Based on my readings of literature in sociology, biology and evolutionary anthropology (for one, Dunbar’s Grooming, Gossip, and the Evolution of Language), I appreciate that humans’ brains consume 20% of our total energy although the brain is only 2% of our body weight. Think about that stat a minute. Our brains are our bodies’ equivalent to mainframes. Very scarce and expensive equipment. Costly to operate.
Therefore, it is very energy-intensive to think. The more thoughts we have, maybe like threads in a CPU, the more energy consumed.

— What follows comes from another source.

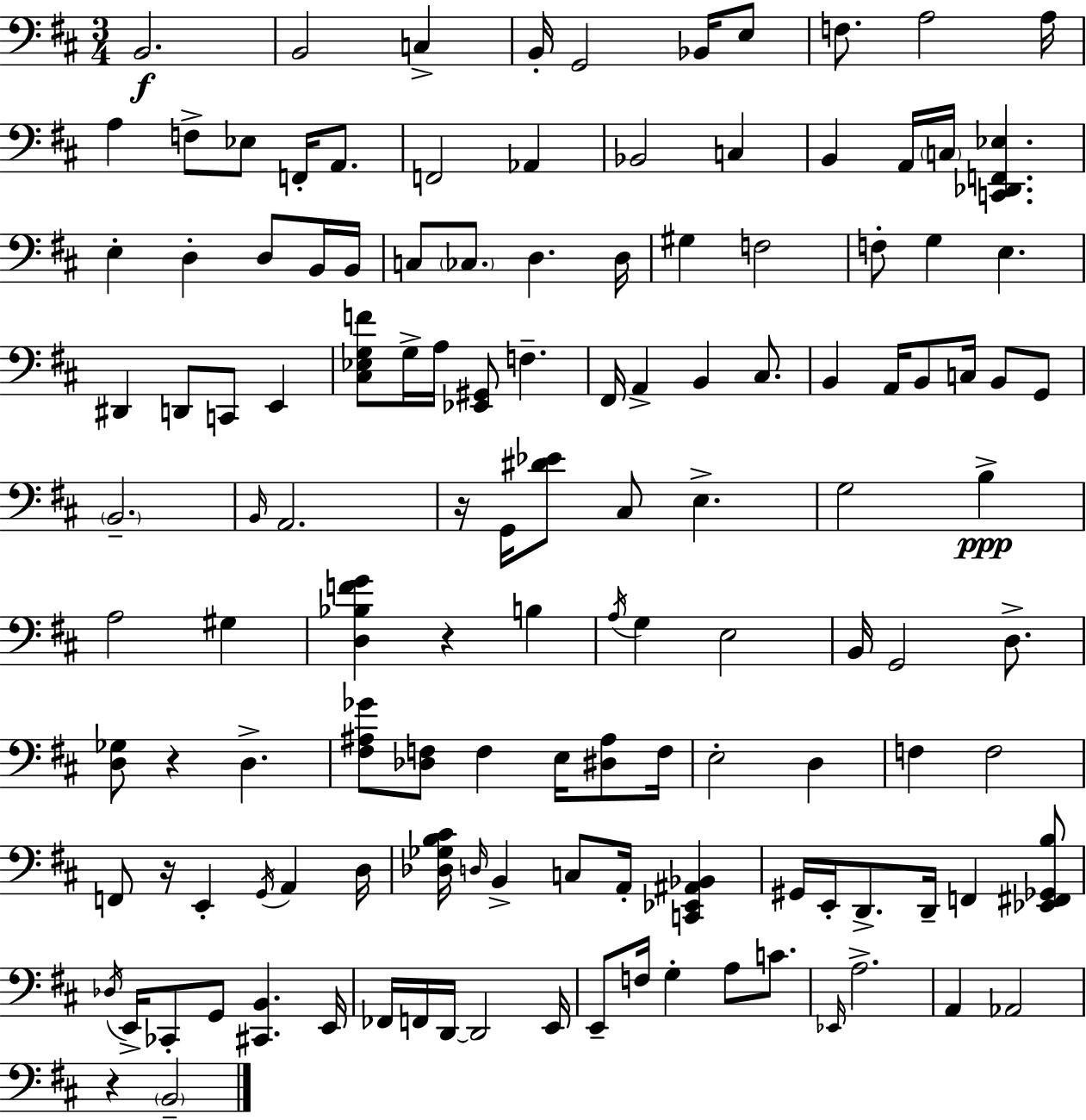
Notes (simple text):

B2/h. B2/h C3/q B2/s G2/h Bb2/s E3/e F3/e. A3/h A3/s A3/q F3/e Eb3/e F2/s A2/e. F2/h Ab2/q Bb2/h C3/q B2/q A2/s C3/s [C2,Db2,F2,Eb3]/q. E3/q D3/q D3/e B2/s B2/s C3/e CES3/e. D3/q. D3/s G#3/q F3/h F3/e G3/q E3/q. D#2/q D2/e C2/e E2/q [C#3,Eb3,G3,F4]/e G3/s A3/s [Eb2,G#2]/e F3/q. F#2/s A2/q B2/q C#3/e. B2/q A2/s B2/e C3/s B2/e G2/e B2/h. B2/s A2/h. R/s G2/s [D#4,Eb4]/e C#3/e E3/q. G3/h B3/q A3/h G#3/q [D3,Bb3,F4,G4]/q R/q B3/q A3/s G3/q E3/h B2/s G2/h D3/e. [D3,Gb3]/e R/q D3/q. [F#3,A#3,Gb4]/e [Db3,F3]/e F3/q E3/s [D#3,A#3]/e F3/s E3/h D3/q F3/q F3/h F2/e R/s E2/q G2/s A2/q D3/s [Db3,Gb3,B3,C#4]/s D3/s B2/q C3/e A2/s [C2,Eb2,A#2,Bb2]/q G#2/s E2/s D2/e. D2/s F2/q [Eb2,F#2,Gb2,B3]/e Db3/s E2/s CES2/e G2/e [C#2,B2]/q. E2/s FES2/s F2/s D2/s D2/h E2/s E2/e F3/s G3/q A3/e C4/e. Eb2/s A3/h. A2/q Ab2/h R/q B2/h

From this perspective, it makes sense to “decide” something, so we can “close that thought” to save energy. I imagine that is why decisions, when I feel happy with the information I have with which to make the decision, often feel satisfying. As grooming releases endorphins (see Dunbar), I imagine that decisions do, too, for a similar reason: there’s an evolutionary and biological rationale.
This brings us to judgment. There are many associations for this word, but I’ll posit that the core is “deciding,” closing the decision making process, the information gathering. The religious references with which I’m familiar seem to be grounded in fear (i.e. “Judge not lest ye be judged”), but I want to emphasize something different. Since humans have free will, they can change and transform. Even though most don’t because change requires rewiring behavior, thoughts and actions, all of which require consideration and thought. It is perceived to be difficult, hence “resistance to change.” But people can change. In this context, it’s also easy to see why organizations have a hard time with “change.”
That means that all the data isn’t in on a person, so judgment may feel good, but it’s lazy.
For example, perhaps I think that someone is frivolous, so I call him that, think of him that way. If I am somewhat observant, my judgment is based on behavior and “data.” This approach is lazy. “He” is not one thing or another, he is acting in a way that seems frivolous to me.
So I am training my brain to consume more energy. I am grounded in the fact that I don’t “know” enough about any person or situation to judge or decide. Instead, I hypothesize, which carries the explicit principle of the unknown as well as the action of testing it, usually by observation.